As per the title:
Consider 30 distinct computers. 6 of these computers are broken. How many ways are there of choosing
- 4 of any computer
- 4 computers with exactly 2 broken computers
- 4 computers with at most one broken computer
Progress so far:
- Use the binomial coefficient: $\begin{pmatrix} 30 \\ 4 \end{pmatrix} $
- Here I am not sure. Perhaps $\begin{pmatrix} 24 \\ 2 \end{pmatrix} \cdot \begin{pmatrix} 6 \\ 2 \end{pmatrix} $ ?
Can anyone give me some hints on how to think about the last two questions? Also, how would my answer to the first question be different if the computers were not distinct?
Your working for (2) is correct; out of the $6$ broken computers choose $2$, out of the $24$ non-broken ones choose another $2$, then multiply.

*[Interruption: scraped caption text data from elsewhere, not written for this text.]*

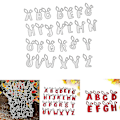 Miniatyrbillede 5 af 5: Påskehare Versaler Metal Skæredør Skabelon Scrapbooking Diy Album Stempel Papir Kort Embossing Dekor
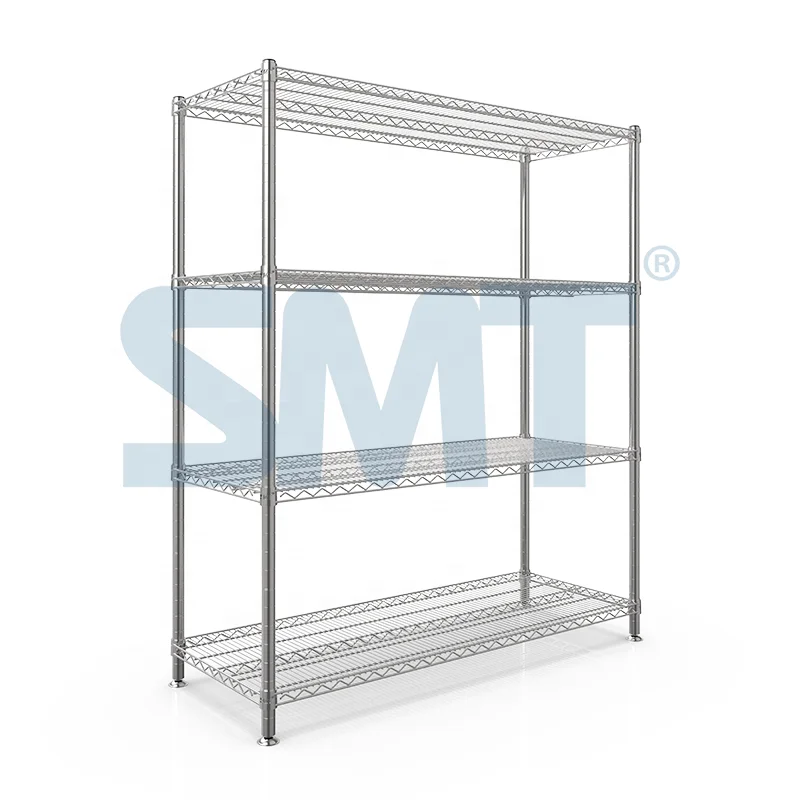Innovative Warehouse Storage Unit SMT Stainless Steel Heavy Duty Wire Shelving Adjustable Shelf Kitchen Storage Shelves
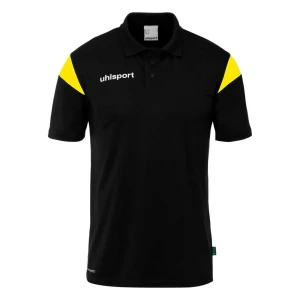 Uhlsport Polo à Manches Courtes Squad 27 Black / Lime Yellow S Homme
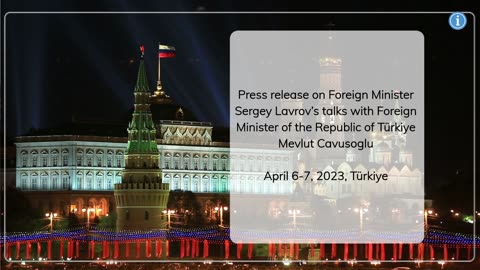 Foreign Minister Sergey Lavrov was in Türkiye on a working visit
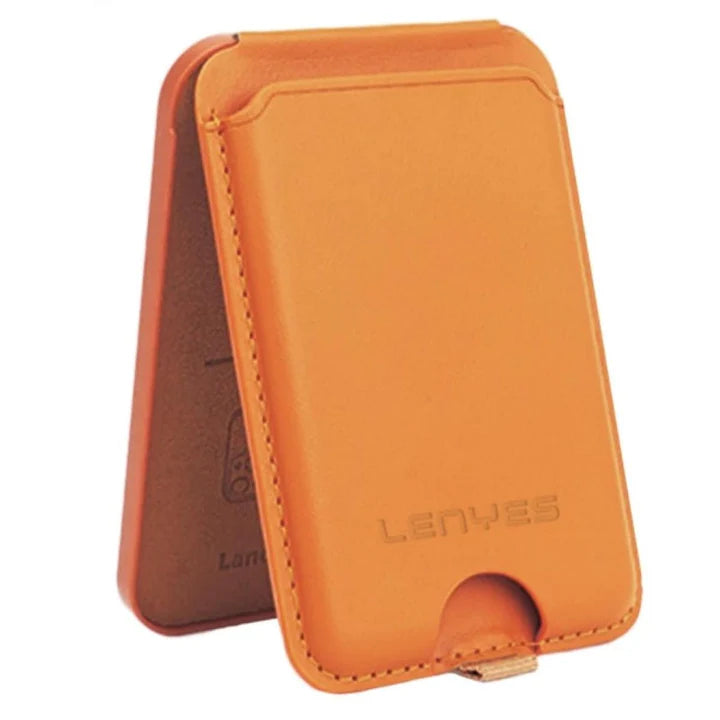 محفظة بطاقات LENYES LMW102 – جلد أنيق بلون بني عملي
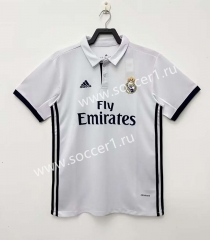 Retro Version 16-17 Real Madrid Home White Thailand Soccer Jersey AAA-811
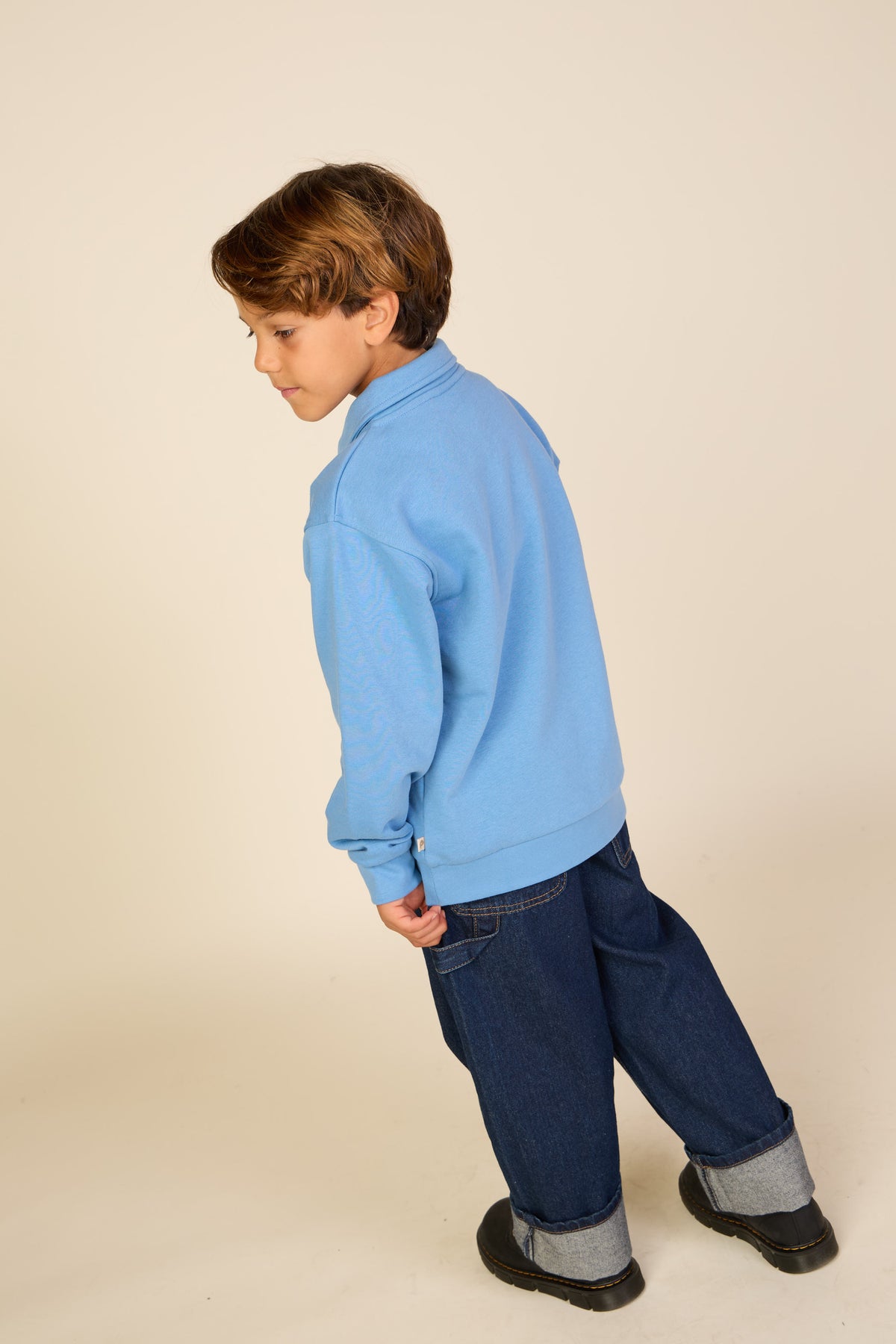 Polo Sweatshirt - Tween - Dusty Blue | 101254 Carter
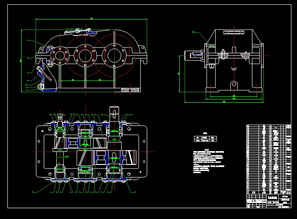 二級斜齒輪減速器課程設計CAD裝配圖下載指南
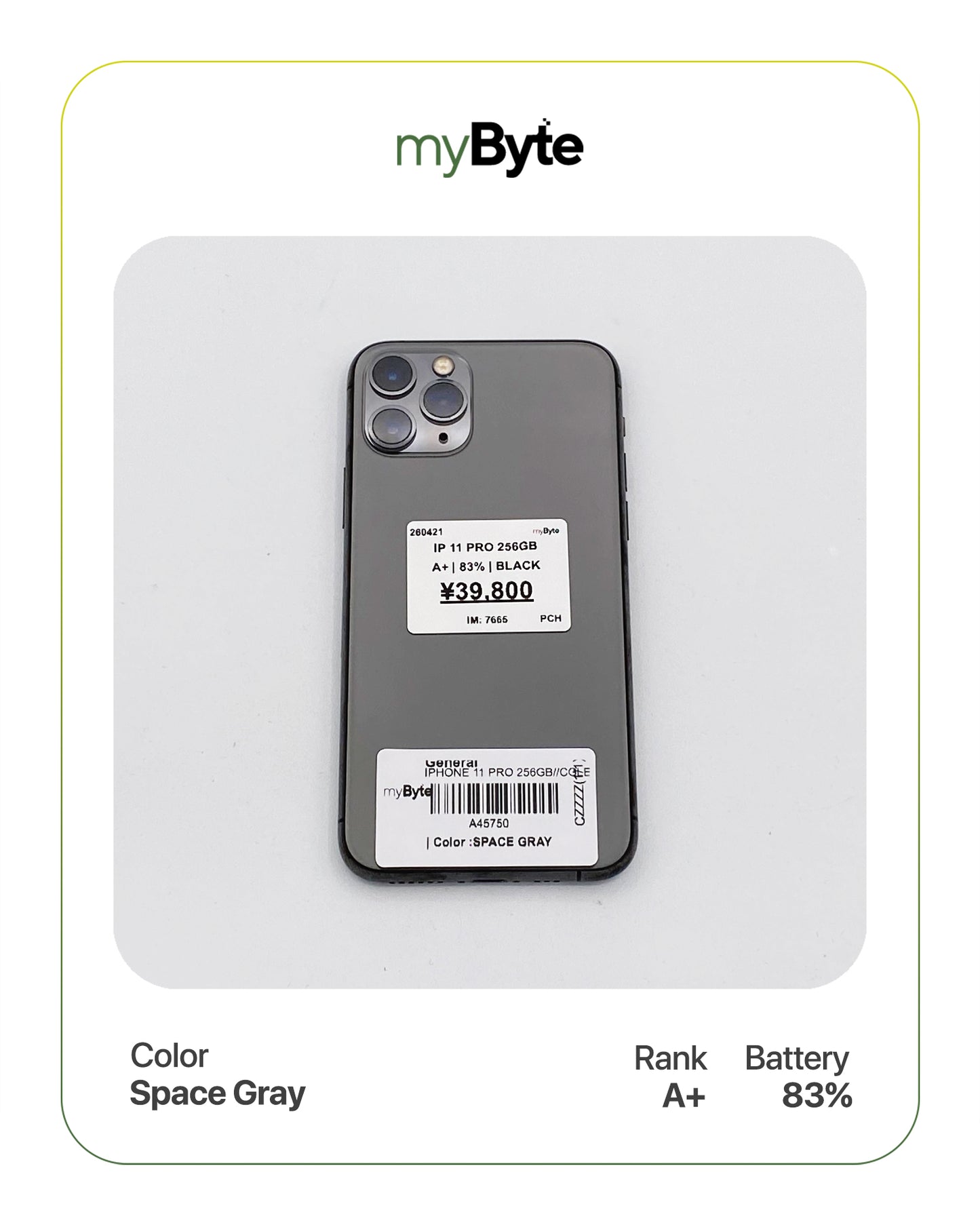 iPhone 11 Pro 256GB (SIM Free)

The same reasoning applies for (3). Either you choose $1$ broken and $3$ non-broken computers $\left(\binom{24}3\binom61\right)$ or $4$ non-broken computers $\left(\binom{24}4\binom60\right)$. You then add up these numbers of choices.
If the computers were not distinct, there would only be five ways to pick the computers. Once the number of broken computers is chosen $(0, 1, 2, 3, 4)$, the remaining computers must be non-broken.